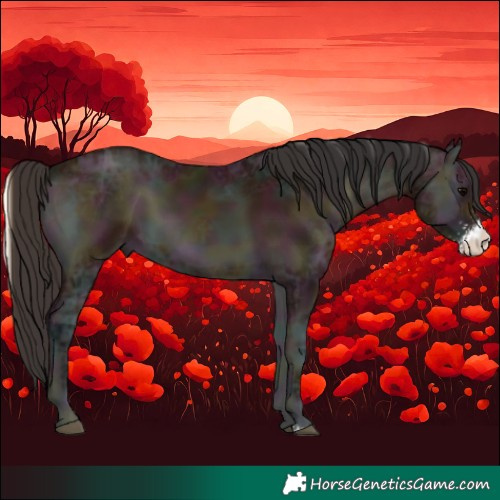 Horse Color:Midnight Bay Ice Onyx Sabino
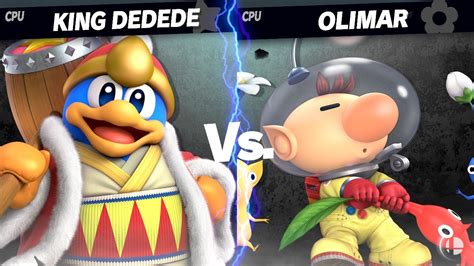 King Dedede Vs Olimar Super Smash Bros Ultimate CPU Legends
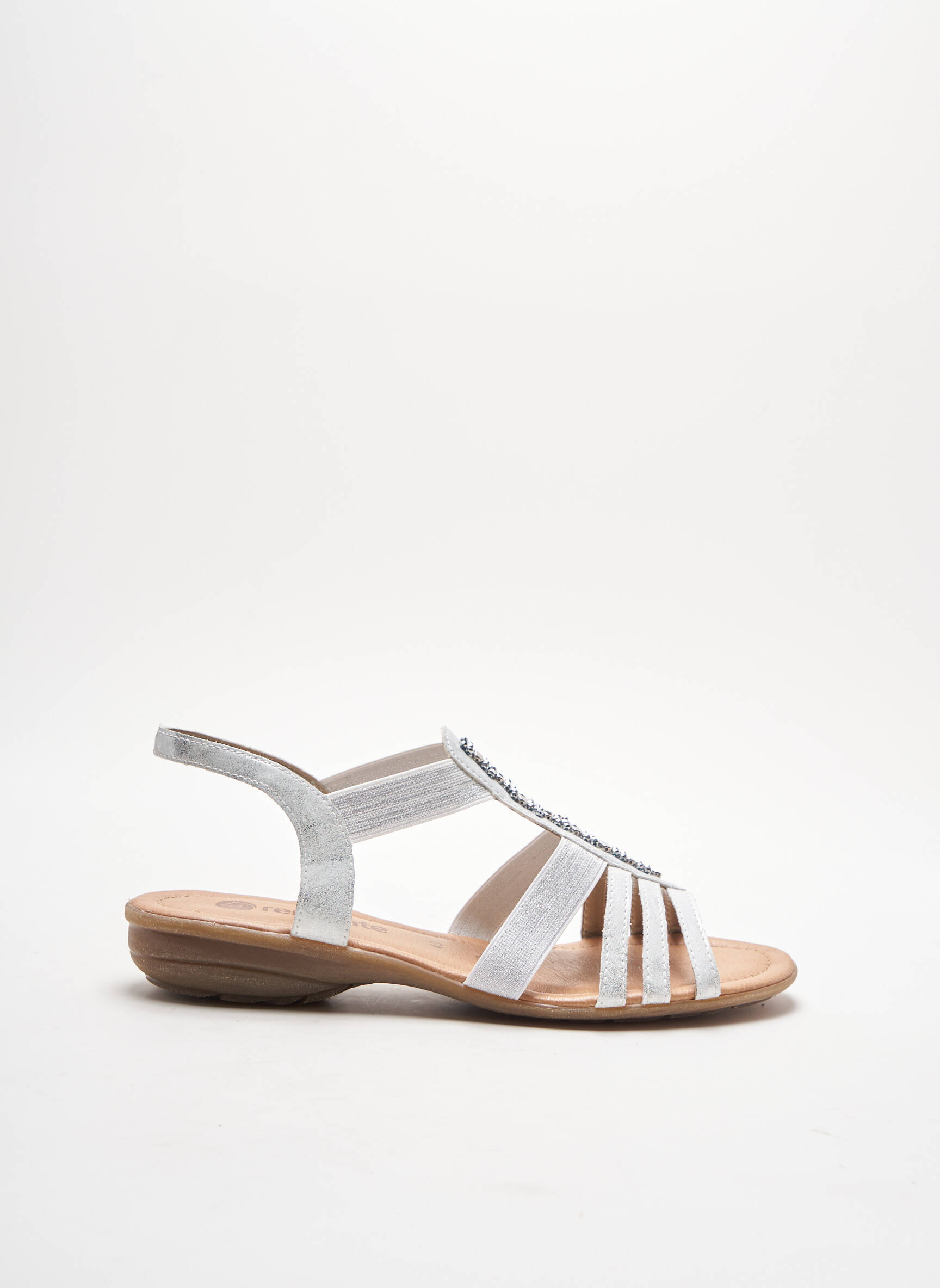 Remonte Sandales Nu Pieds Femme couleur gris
□ □ □ □
### Assigned task
The result should be a word-for-word restatement of all the data, without images.

### Exercise answer
 Horse Color:Midnight Bay Ice Onyx Sabino
 King Dedede Vs Olimar Super Smash Bros Ultimate CPU Legends
 Remonte Sandales Nu Pieds Femme couleur gris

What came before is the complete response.